The UCS report, being released at a Capitol Hill briefing today in Washington, D.C., details risks at 30 sites across the United States. The UCS, based in Cambridge, Mass., began as a collaboration between students and faculty members at the Massachusetts Institute of Technology in 1969 and is now an alliance of more than 400,000 citizens and scientists.

The report follows a May 6 National Climate Assessment that scientists and the White House called the most detailed and U.S.-focused scientific report on global warming, according to The Associated Press. The 840-page report includes 3,096 footnotes referring to other mostly peer-reviewed research. It was written by more than 250 scientists and government officials, starting in 2012, and looks at regional and state-level effects of global warming, compared with recent reports from the United Nations that lumped all of North America together.

The Society for American Archaeology, a nonprofit dedicated to protecting the archaeological heritage of the Americas and the world, issued a statement today in conjunction with the UCS report release, calling for more attention to be paid to preserving endangered archaeological sites, marking the first time the organization has sought to draw public attention to the damage climate change is causing.
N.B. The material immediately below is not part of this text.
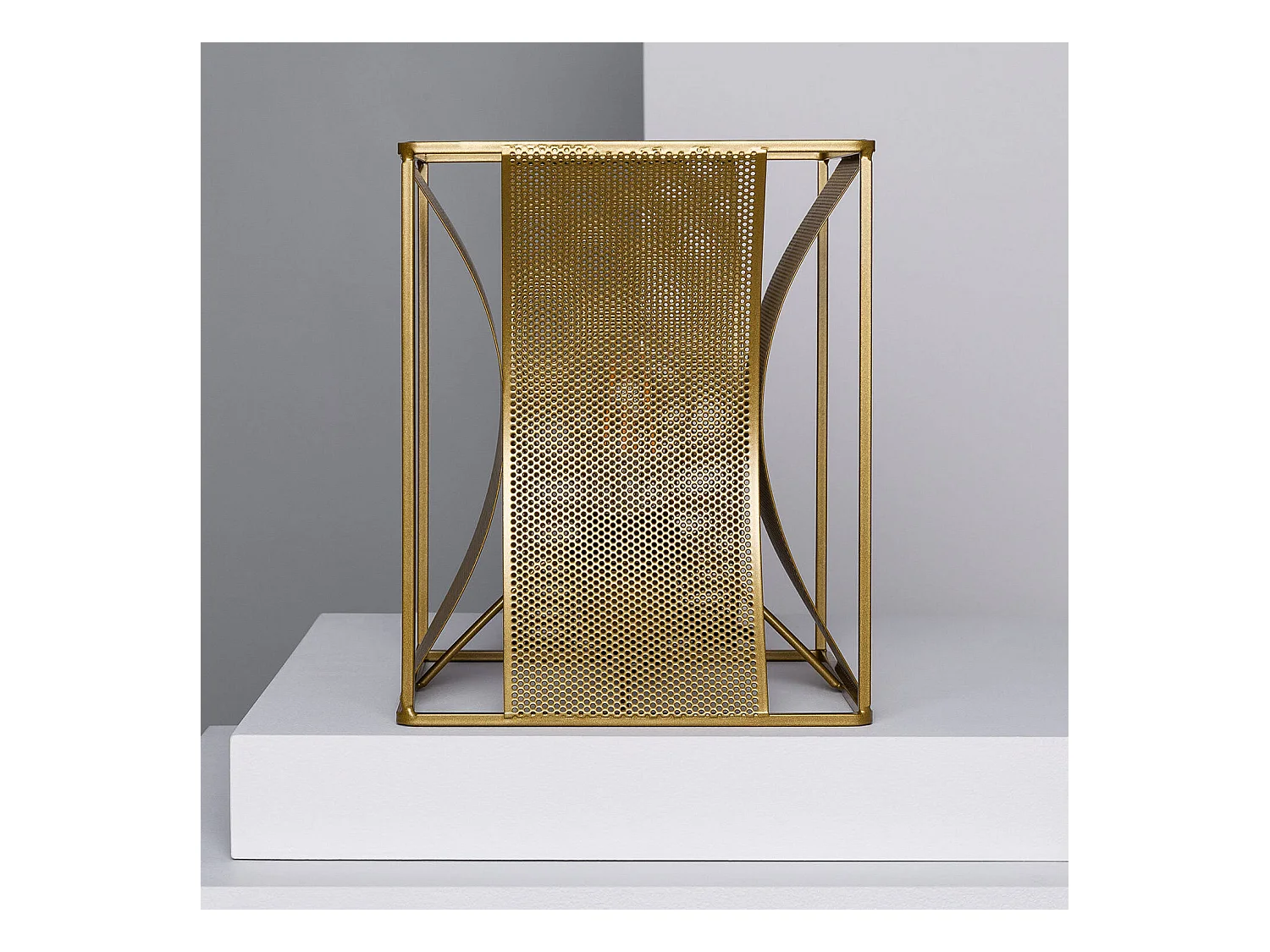 Lámpara de Mesa Metal Auro Dorado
To slow the rate of change and give archaeologists, historic preservationists and land managers want more time to protect these sites, carbon emissions must be reduced, according to the report.
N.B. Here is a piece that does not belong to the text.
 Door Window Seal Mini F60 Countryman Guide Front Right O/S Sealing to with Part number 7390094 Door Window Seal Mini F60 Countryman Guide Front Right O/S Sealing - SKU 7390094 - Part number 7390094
“Cutting carbon emissions significantly and quickly can slow the pace of sea level rise, limit the temperature increases, and slow the expansion of the wildfire season,” Angela Anderson, director of the Climate and Energy Program at UCS, said in a statement.

Markham said Hawaii Island has a significant climate change research resource right in its own backyard, atop Mauna Loa, where the National Oceanic and Atmospheric Administration maintains an observatory that has been documenting steadily rising atmospheric carbon dioxide levels since 1958.

He said the observatory registered a tipping point on March 9, 2013, when the daily mean concentrations of carbon dioxide in the atmosphere reached 400 parts per million.

The UCS is lobbying Congress to fund President Obama’s proposed Climate Resilience Fund, which could be used to help municipalities and businesses become more resilient to climate change.

“The fund could also be used to help protect and preserve the nation’s iconic and historical landmarks and irreplaceable archaeological treasures that are being destroyed by sea level rise, wildfire and flooding,” said Anderson.

Some fossil energy groups, conservative think tanks and Republican senators assailed the May 6 National Climate Assessment as “alarmist,” according to The Associated Press. Some see climate change as a political issue, rather than an environmental one.

“It doesn’t matter if you deny it or not,” noted Markham. “It’s going to affect all of us the same whether you deny it or not.”